### Directions
Look below for the line that contains "Resale - Semi", then copy it and each following line exactly, through and including the line that contains "AMAZING 3 STORY OCEANVIEW HOME IN PONELOYA".
─── Task inputs ───
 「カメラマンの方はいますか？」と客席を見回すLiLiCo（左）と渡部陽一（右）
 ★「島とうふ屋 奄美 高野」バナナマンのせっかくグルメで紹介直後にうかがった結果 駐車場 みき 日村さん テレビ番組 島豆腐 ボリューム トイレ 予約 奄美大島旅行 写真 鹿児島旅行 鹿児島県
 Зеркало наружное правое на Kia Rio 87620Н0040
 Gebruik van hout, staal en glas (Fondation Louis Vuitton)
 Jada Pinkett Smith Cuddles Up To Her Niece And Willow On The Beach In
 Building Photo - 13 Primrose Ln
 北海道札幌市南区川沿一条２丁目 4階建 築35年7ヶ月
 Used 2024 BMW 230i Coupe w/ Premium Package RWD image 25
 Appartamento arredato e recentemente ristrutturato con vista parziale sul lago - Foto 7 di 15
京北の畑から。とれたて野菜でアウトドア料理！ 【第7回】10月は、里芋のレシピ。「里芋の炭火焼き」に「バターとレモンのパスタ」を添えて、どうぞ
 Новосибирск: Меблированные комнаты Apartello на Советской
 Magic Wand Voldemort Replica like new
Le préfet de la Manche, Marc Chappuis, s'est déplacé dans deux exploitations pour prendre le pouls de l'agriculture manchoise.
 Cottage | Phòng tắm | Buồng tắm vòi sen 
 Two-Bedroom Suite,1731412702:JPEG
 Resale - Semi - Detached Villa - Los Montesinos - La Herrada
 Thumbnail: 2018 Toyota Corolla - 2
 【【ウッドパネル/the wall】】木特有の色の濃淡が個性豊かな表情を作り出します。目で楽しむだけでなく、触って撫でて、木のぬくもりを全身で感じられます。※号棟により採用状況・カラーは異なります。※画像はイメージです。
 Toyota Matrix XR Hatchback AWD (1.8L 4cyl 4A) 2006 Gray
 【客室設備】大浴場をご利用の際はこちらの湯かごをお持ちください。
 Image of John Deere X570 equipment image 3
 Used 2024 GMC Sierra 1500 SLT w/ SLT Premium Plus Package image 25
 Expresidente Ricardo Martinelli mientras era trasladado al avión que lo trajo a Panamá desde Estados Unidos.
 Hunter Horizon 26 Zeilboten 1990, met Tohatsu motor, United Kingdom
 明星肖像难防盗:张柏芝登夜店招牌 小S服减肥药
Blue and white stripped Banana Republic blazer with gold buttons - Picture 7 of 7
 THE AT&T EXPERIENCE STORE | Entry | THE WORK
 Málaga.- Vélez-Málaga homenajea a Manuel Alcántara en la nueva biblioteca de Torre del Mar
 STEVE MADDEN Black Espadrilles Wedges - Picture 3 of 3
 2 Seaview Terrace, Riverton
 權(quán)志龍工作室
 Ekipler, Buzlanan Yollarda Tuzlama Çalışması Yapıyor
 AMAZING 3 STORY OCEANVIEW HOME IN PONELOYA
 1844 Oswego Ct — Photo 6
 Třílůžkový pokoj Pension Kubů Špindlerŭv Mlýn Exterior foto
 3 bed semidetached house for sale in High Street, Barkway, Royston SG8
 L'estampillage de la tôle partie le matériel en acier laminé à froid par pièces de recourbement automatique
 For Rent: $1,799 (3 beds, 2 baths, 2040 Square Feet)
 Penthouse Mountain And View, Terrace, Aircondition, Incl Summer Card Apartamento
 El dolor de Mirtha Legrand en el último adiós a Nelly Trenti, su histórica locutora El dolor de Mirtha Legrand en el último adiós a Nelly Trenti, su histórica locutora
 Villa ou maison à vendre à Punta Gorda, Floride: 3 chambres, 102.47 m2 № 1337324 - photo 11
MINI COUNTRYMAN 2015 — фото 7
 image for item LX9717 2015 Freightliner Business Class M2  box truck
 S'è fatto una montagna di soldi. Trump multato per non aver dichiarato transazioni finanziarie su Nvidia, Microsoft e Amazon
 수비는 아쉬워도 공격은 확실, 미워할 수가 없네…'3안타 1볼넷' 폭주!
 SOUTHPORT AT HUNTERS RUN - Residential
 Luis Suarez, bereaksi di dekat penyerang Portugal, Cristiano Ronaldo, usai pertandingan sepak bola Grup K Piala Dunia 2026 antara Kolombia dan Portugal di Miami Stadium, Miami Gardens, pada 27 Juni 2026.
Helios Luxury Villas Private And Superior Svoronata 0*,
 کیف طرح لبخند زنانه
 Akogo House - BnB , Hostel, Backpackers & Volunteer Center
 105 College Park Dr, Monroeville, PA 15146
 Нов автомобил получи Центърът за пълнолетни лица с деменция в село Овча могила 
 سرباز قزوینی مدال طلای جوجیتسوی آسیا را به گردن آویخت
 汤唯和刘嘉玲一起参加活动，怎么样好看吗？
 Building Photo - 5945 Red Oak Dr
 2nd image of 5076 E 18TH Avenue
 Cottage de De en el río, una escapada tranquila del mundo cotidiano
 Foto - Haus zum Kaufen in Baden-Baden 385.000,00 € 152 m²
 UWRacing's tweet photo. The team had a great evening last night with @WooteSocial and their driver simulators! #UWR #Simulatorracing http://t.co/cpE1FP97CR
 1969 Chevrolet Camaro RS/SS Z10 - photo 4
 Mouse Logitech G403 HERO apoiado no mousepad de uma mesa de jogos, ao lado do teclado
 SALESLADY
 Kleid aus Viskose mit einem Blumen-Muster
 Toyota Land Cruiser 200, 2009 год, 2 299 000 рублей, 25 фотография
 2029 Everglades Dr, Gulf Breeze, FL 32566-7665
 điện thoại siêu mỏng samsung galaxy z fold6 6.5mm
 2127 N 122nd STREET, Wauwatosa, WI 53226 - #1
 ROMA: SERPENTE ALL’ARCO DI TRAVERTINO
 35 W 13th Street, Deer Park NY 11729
───
### Result for this task
 Resale - Semi - Detached Villa - Los Montesinos - La Herrada
 Thumbnail: 2018 Toyota Corolla - 2
 【【ウッドパネル/the wall】】木特有の色の濃淡が個性豊かな表情を作り出します。目で楽しむだけでなく、触って撫でて、木のぬくもりを全身で感じられます。※号棟により採用状況・カラーは異なります。※画像はイメージです。
 Toyota Matrix XR Hatchback AWD (1.8L 4cyl 4A) 2006 Gray
 【客室設備】大浴場をご利用の際はこちらの湯かごをお持ちください。
 Image of John Deere X570 equipment image 3
 Used 2024 GMC Sierra 1500 SLT w/ SLT Premium Plus Package image 25
 Expresidente Ricardo Martinelli mientras era trasladado al avión que lo trajo a Panamá desde Estados Unidos.
 Hunter Horizon 26 Zeilboten 1990, met Tohatsu motor, United Kingdom
 明星肖像难防盗:张柏芝登夜店招牌 小S服减肥药
Blue and white stripped Banana Republic blazer with gold buttons - Picture 7 of 7
 THE AT&T EXPERIENCE STORE | Entry | THE WORK
 Málaga.- Vélez-Málaga homenajea a Manuel Alcántara en la nueva biblioteca de Torre del Mar
 STEVE MADDEN Black Espadrilles Wedges - Picture 3 of 3
 2 Seaview Terrace, Riverton
 權(quán)志龍工作室
 Ekipler, Buzlanan Yollarda Tuzlama Çalışması Yapıyor
 AMAZING 3 STORY OCEANVIEW HOME IN PONELOYA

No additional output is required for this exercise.